▸ Data provided:
_____
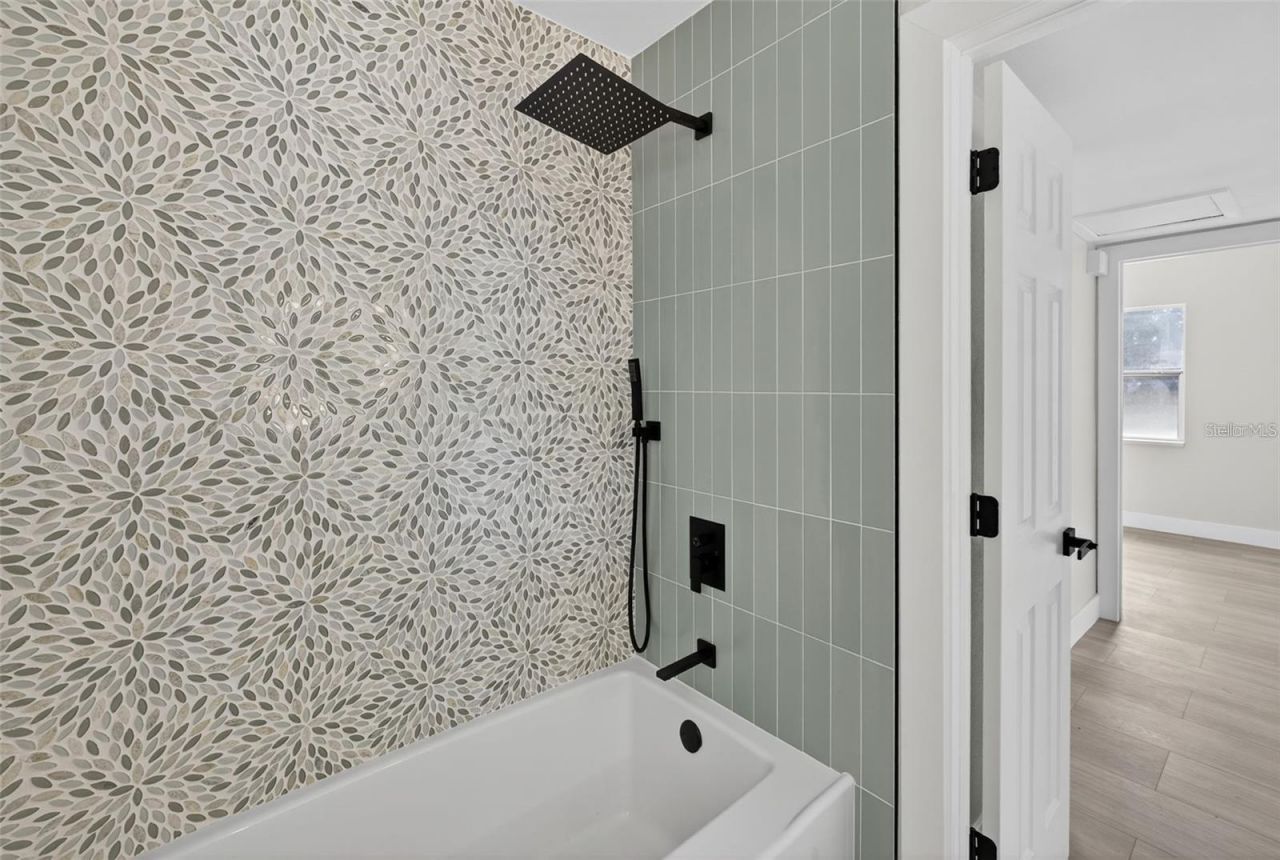 413 Country Club Drive, Oldsmar, FL 34677 Photo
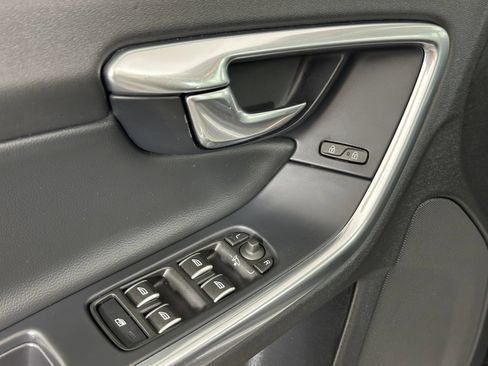 Used 2018 Volvo S60 T5 Inscription AWD/4WD image 34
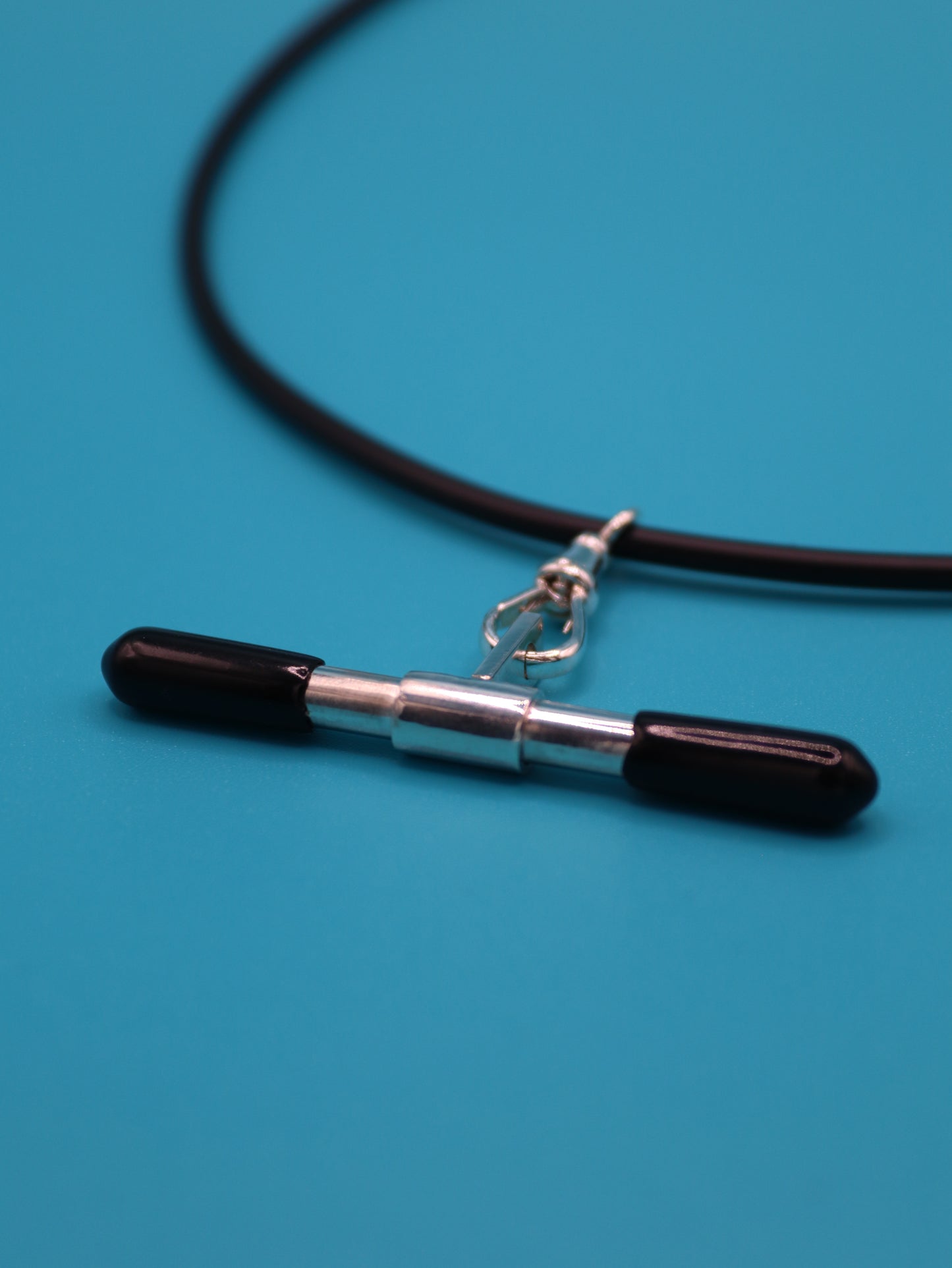 Straight Bar Necklet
_____
▸ Exercise: For this exercise, retype the listing above word for word and omit the pictures.

▸ Answer to the exercise:
 413 Country Club Drive, Oldsmar, FL 34677 Photo
 Used 2018 Volvo S60 T5 Inscription AWD/4WD image 34
 Straight Bar Necklet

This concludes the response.